● The problem: Please give the records below again in full, exactly, with the images left out.

START The records

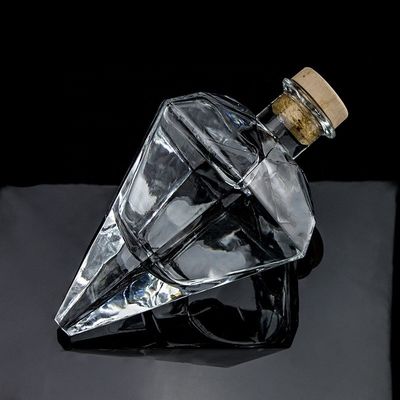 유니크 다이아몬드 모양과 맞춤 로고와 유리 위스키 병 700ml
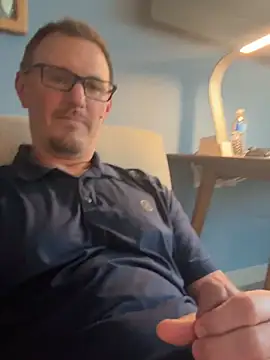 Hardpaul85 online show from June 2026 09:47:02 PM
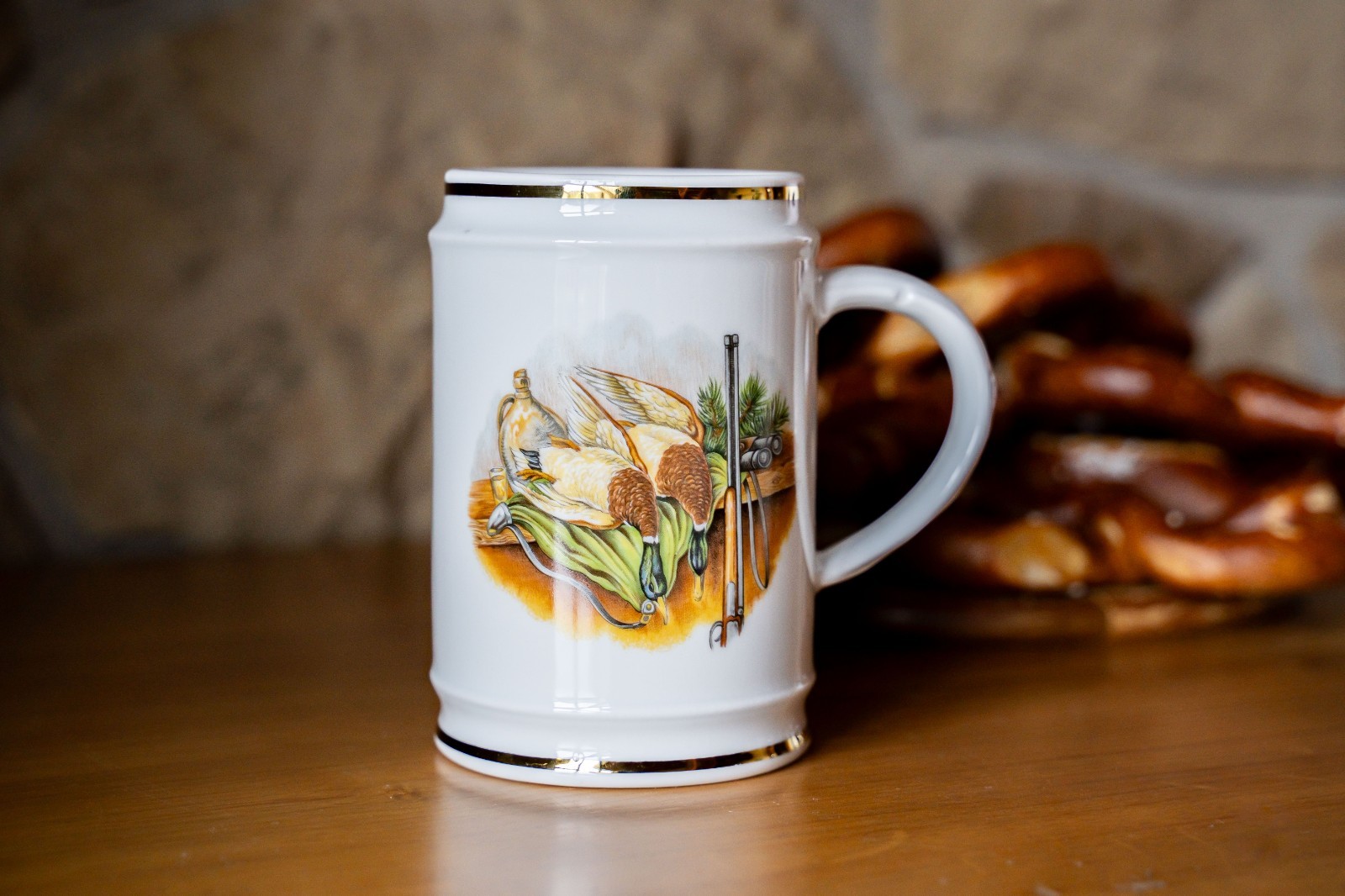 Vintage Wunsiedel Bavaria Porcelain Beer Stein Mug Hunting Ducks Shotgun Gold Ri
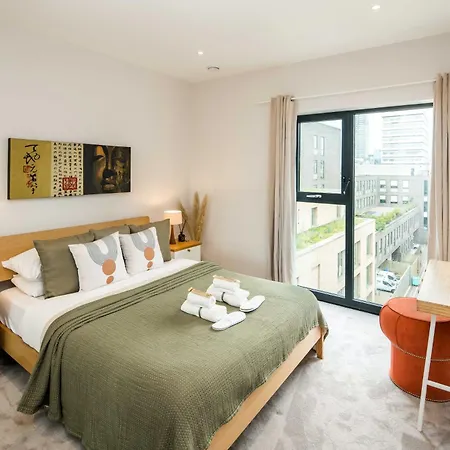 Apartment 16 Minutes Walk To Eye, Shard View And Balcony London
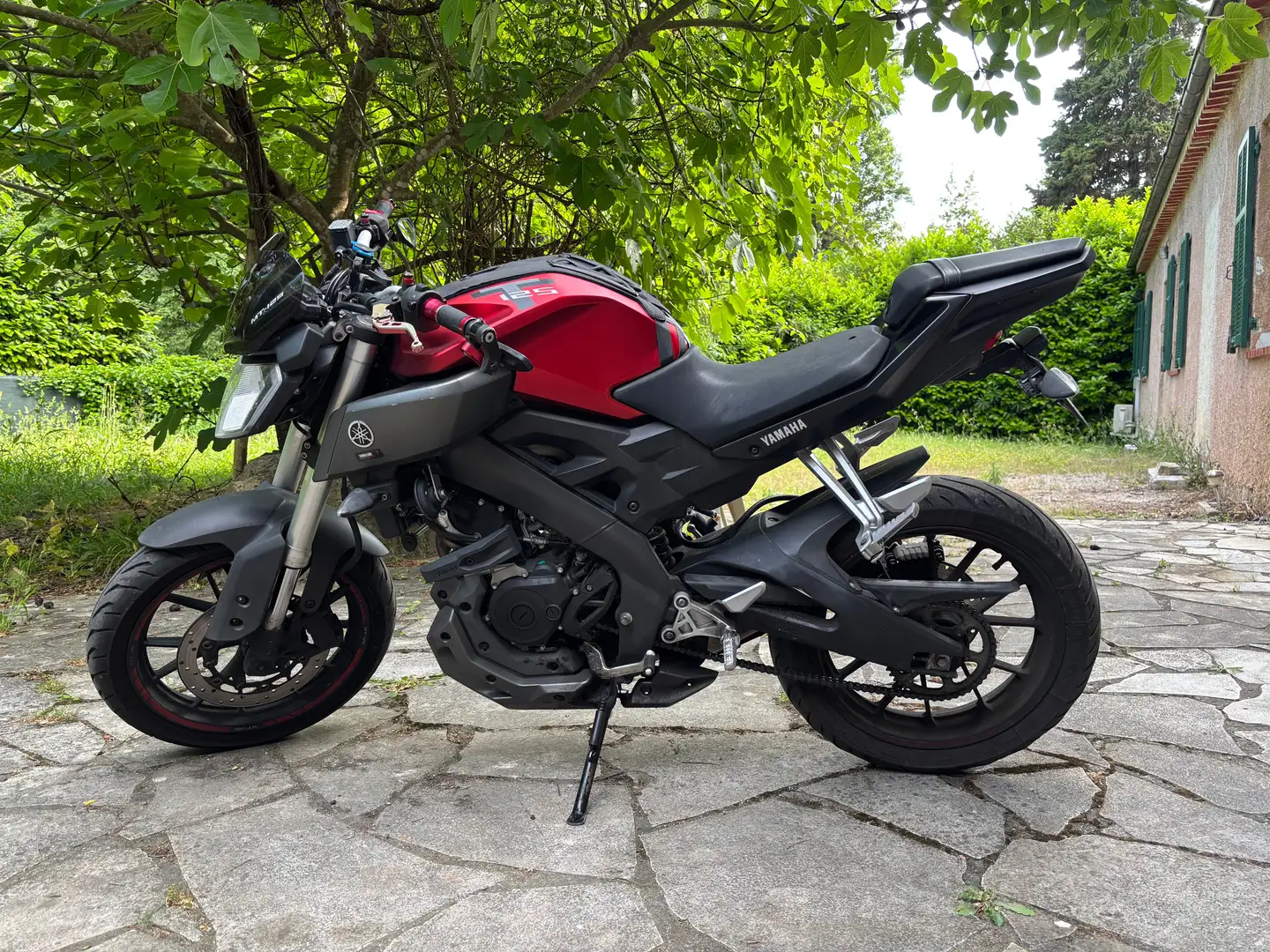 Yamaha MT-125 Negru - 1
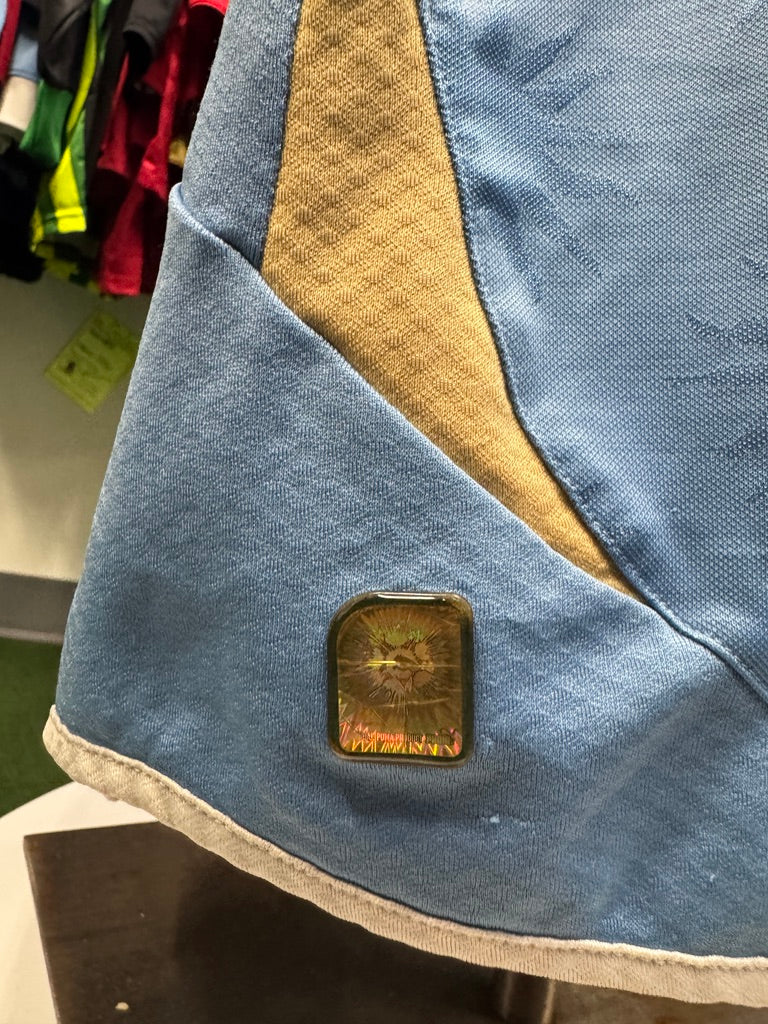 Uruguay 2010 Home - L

END The records

● Task response:
 유니크 다이아몬드 모양과 맞춤 로고와 유리 위스키 병 700ml
 Hardpaul85 online show from June 2026 09:47:02 PM
 Vintage Wunsiedel Bavaria Porcelain Beer Stein Mug Hunting Ducks Shotgun Gold Ri
 Apartment 16 Minutes Walk To Eye, Shard View And Balcony London
 Yamaha MT-125 Negru - 1
 Uruguay 2010 Home - L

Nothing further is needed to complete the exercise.